Avoid visual clutter like excessive grid lines, borders, legends, or redundant labels that don’t add value. Decluttered plots are easier to interpret.

Choose Appropriate Visual Encodings

Pick visual encodings like position, size, shape, and color that match the type of data being displayed. This makes patterns readily perceptible.

Facilitate Comparisons

Use consistent scales, common baselines, and alignment to make it easy to compare plotted quantities.

Use Judicious Contrast

Leverage contrasting colors, sizes, positions, etc. to distinctly highlight key elements, differences, or trends.

Direct Attention

Draw focus to important plot areas with techniques like reduced opacity in unimportant regions.
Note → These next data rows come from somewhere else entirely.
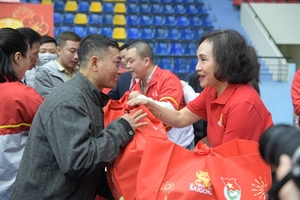 “Sharing Tết, prosperity in the year of Dragon” programme brings love to workers in the capital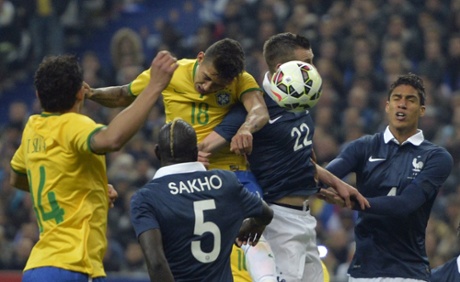 Roberto Firmino heads on target.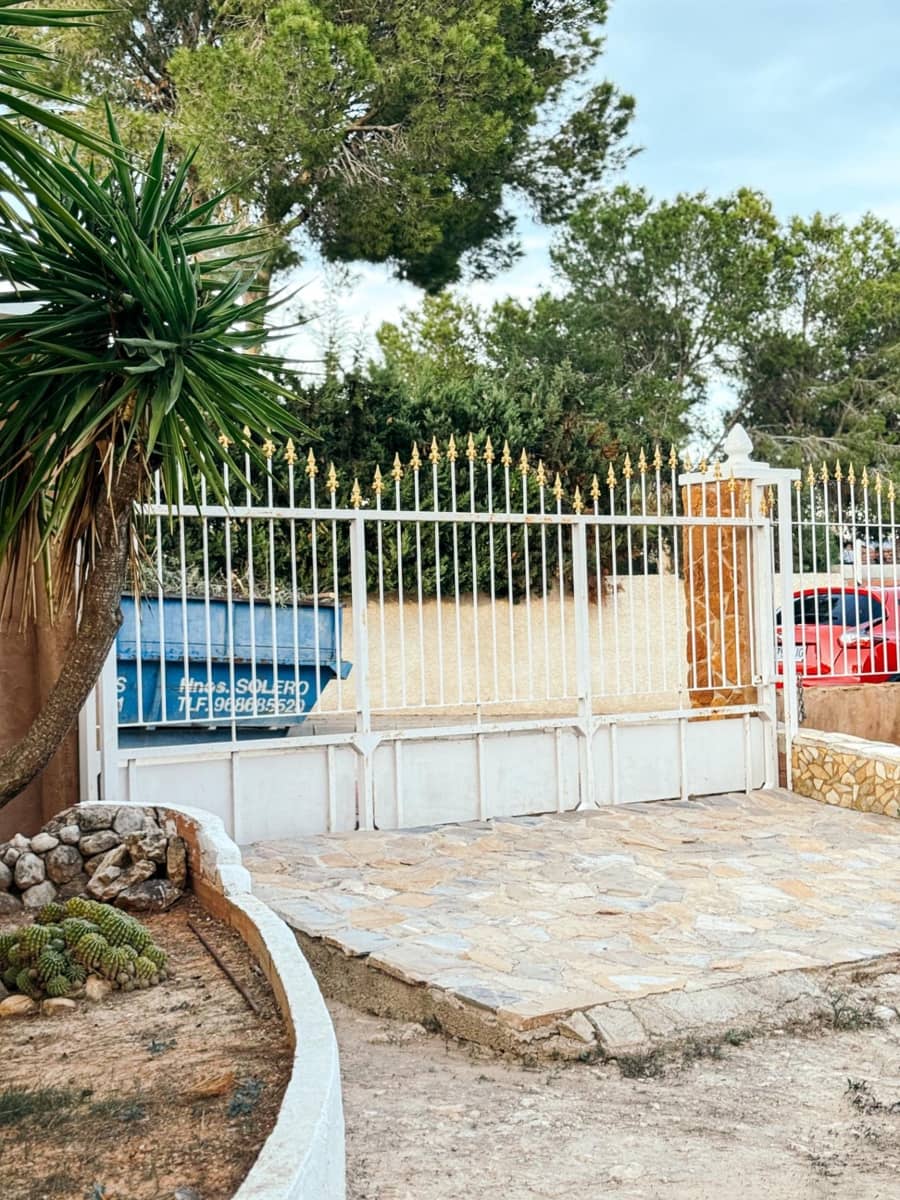 4 sypialnia Willa na sprzedaż w Fortuna z basenem garażem - 217 500 € (Ref: 9386162)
Balance Aesthetics and Clarity

Make sensible aesthetic choices that enhance clarity rather than detract from it. Customize Matplotlib’s default parameters only when suitable.

Choose Color Palettes Wisely

Use appropriate categorical, sequential, or diverging color schemes based on data characteristics and visualization goals.

Accommodate Color Vision Deficiency

Around 4% of the population has color vision deficiencies. Ensure visuals remain interpretable when viewed in grayscale.

By keeping these core principles in mind when working with Matplotlib, you can make informative plots that engage audiences. Now let’s look at how to put some of these ideas into practice.

Matplotlib Plot Customization

Matplotlib provides extensive control over all aspects of a plot through its configurations and parameters. Customizing the default Matplotlib styles and components appropriately can greatly improve clarity and aesthetics.

Set Figure and Axes Parameters

The Figure and Axes objects control overall plot area and coordinate space respectively. We can set properties like background color, size, resolution and layout:

import matplotlib.pyplot as plt

fig = plt.figure(figsize=(8, 5), dpi=120, facecolor='lightgrey')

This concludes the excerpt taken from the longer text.